### Problem statement
Begin your copy at the line that holds "May include: A" and carry it through the final line of the data, writing out each line exactly and omitting pictures.

### Dataset extract

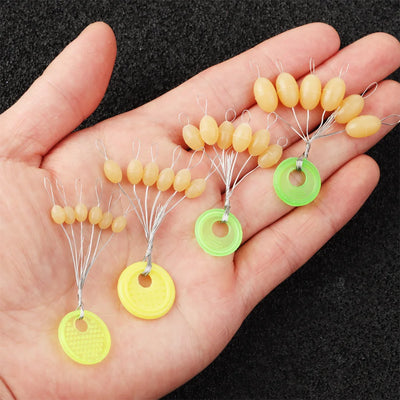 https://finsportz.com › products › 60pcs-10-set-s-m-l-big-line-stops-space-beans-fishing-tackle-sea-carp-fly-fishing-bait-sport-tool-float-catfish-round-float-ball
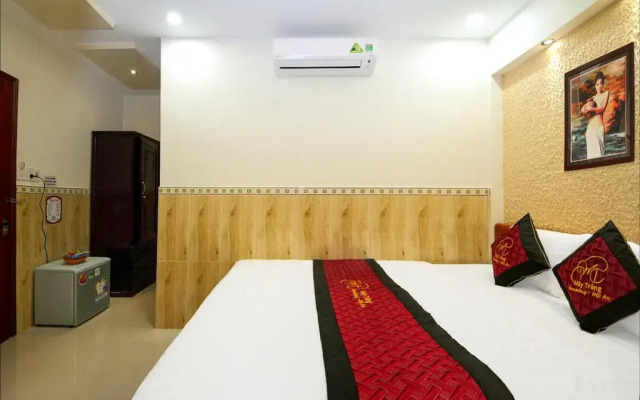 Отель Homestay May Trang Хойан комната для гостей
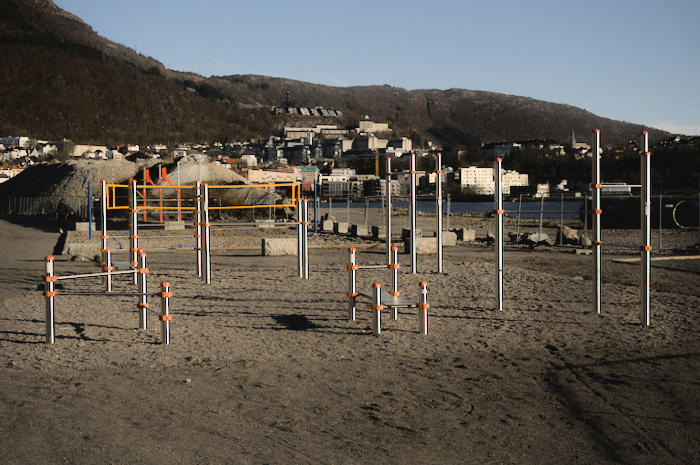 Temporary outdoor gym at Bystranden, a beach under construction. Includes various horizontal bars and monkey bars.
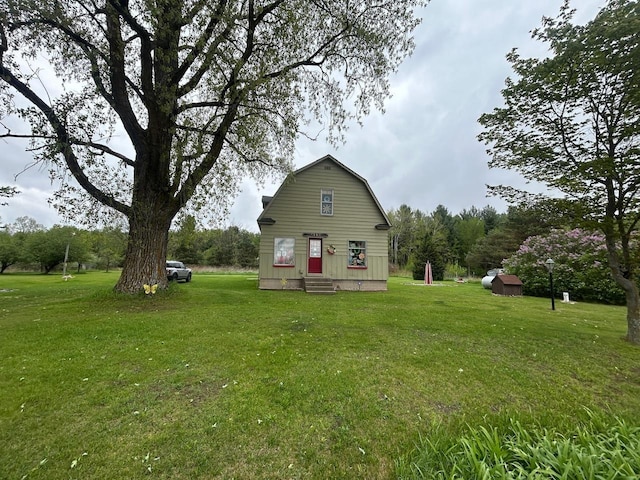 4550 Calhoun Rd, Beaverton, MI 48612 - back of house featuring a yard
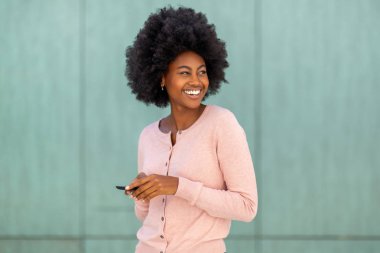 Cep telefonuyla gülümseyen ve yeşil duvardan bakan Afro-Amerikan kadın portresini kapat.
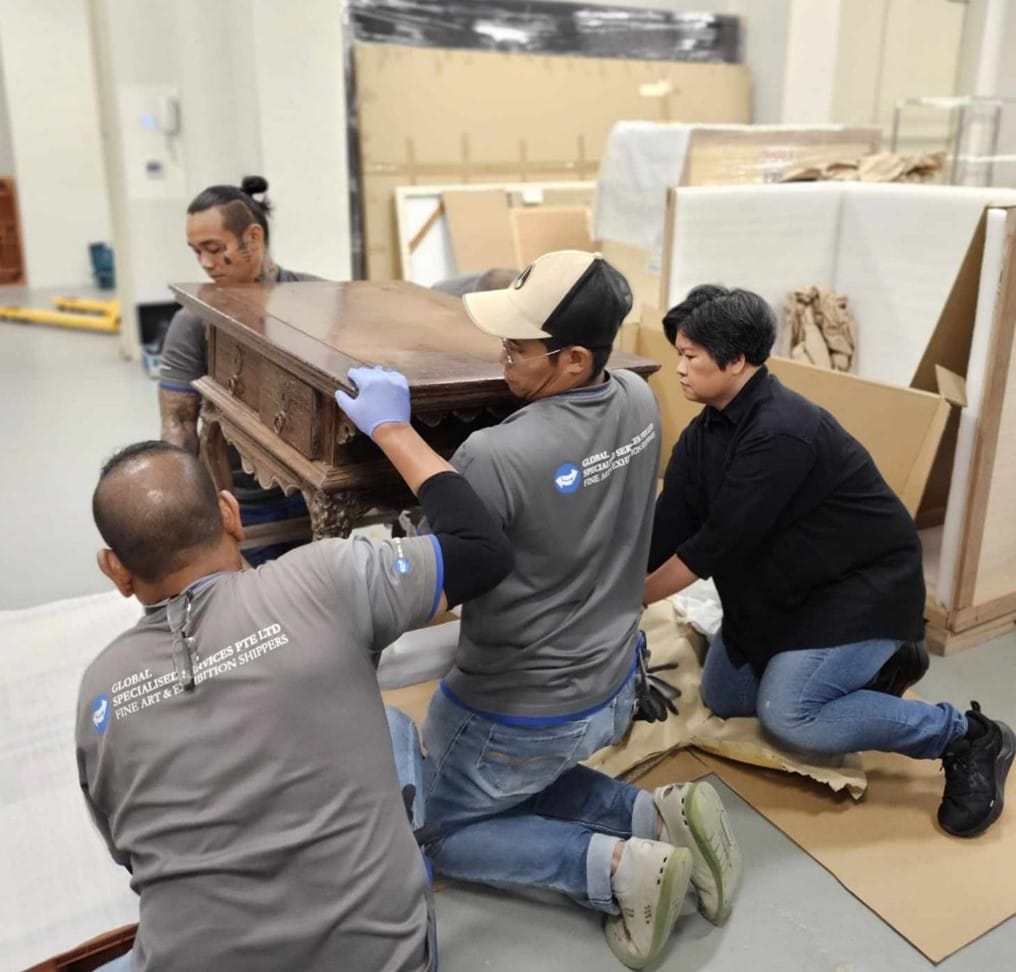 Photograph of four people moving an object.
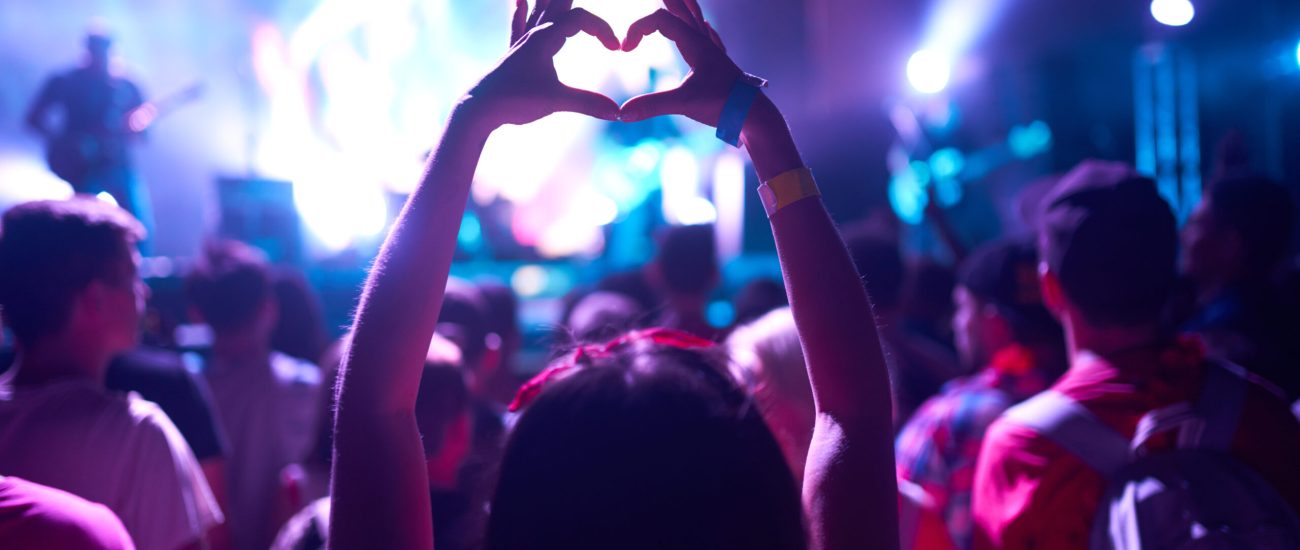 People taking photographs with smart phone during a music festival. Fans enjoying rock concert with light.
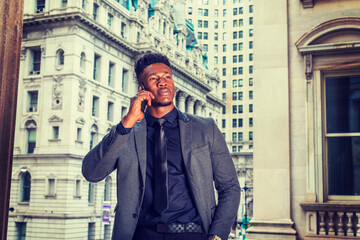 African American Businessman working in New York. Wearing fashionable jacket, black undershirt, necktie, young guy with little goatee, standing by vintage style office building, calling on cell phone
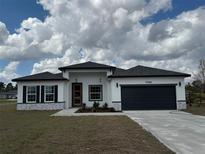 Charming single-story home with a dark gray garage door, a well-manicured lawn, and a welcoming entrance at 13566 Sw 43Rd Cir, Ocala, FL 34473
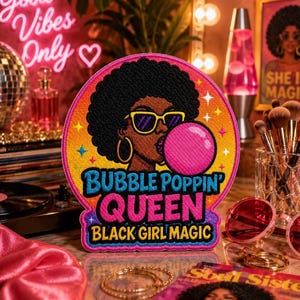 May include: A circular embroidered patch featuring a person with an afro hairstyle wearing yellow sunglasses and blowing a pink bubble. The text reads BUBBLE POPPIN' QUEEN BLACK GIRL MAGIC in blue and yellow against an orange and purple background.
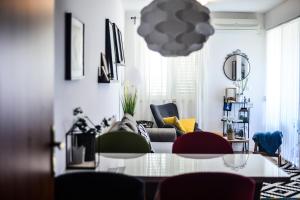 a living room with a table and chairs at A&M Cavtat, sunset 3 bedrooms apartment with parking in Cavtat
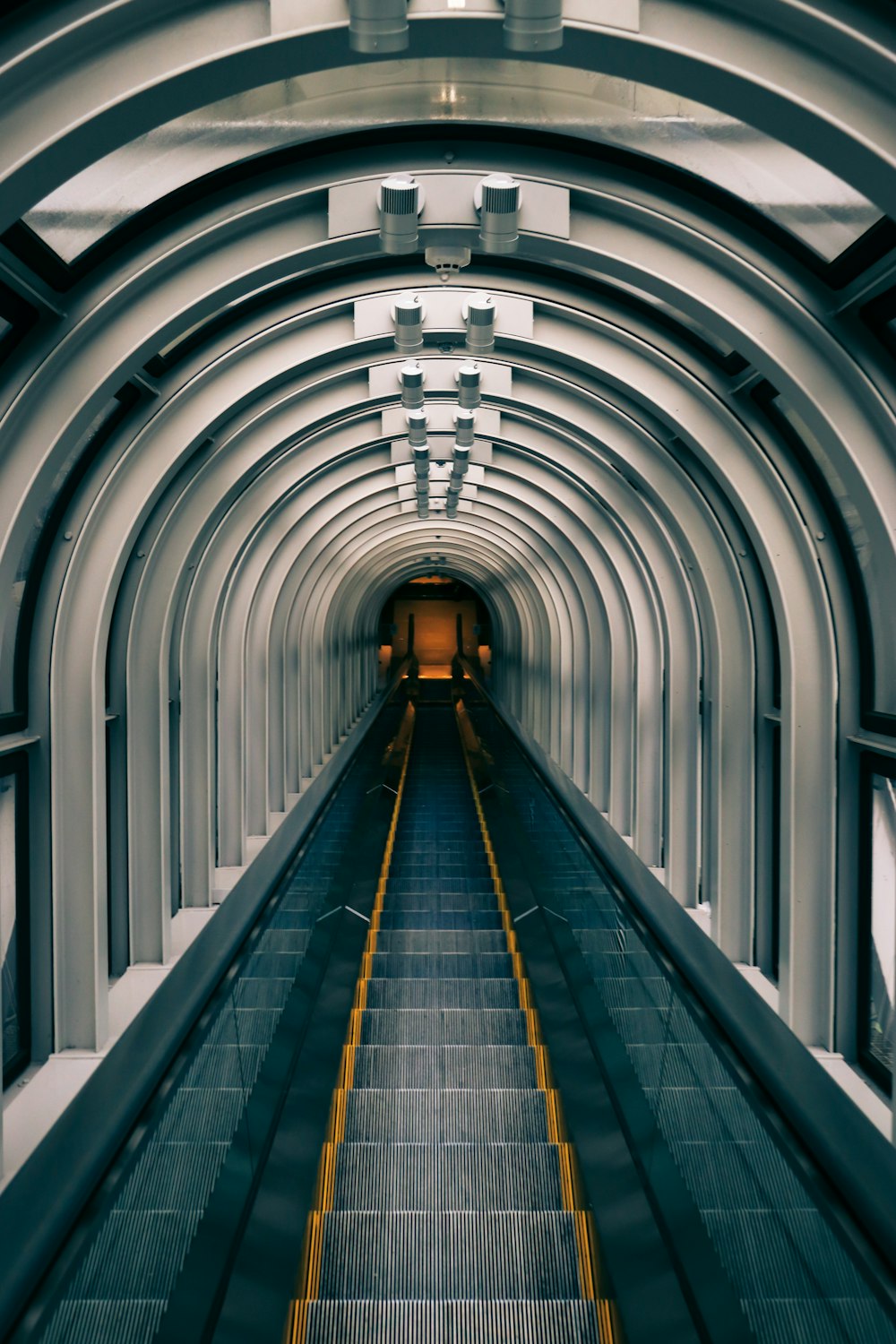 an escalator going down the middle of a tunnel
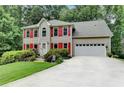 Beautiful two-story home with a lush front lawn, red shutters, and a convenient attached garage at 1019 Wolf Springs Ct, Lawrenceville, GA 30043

### Answer space
 May include: A circular embroidered patch featuring a person with an afro hairstyle wearing yellow sunglasses and blowing a pink bubble. The text reads BUBBLE POPPIN' QUEEN BLACK GIRL MAGIC in blue and yellow against an orange and purple background.
 a living room with a table and chairs at A&M Cavtat, sunset 3 bedrooms apartment with parking in Cavtat
 an escalator going down the middle of a tunnel
 Beautiful two-story home with a lush front lawn, red shutters, and a convenient attached garage at 1019 Wolf Springs Ct, Lawrenceville, GA 30043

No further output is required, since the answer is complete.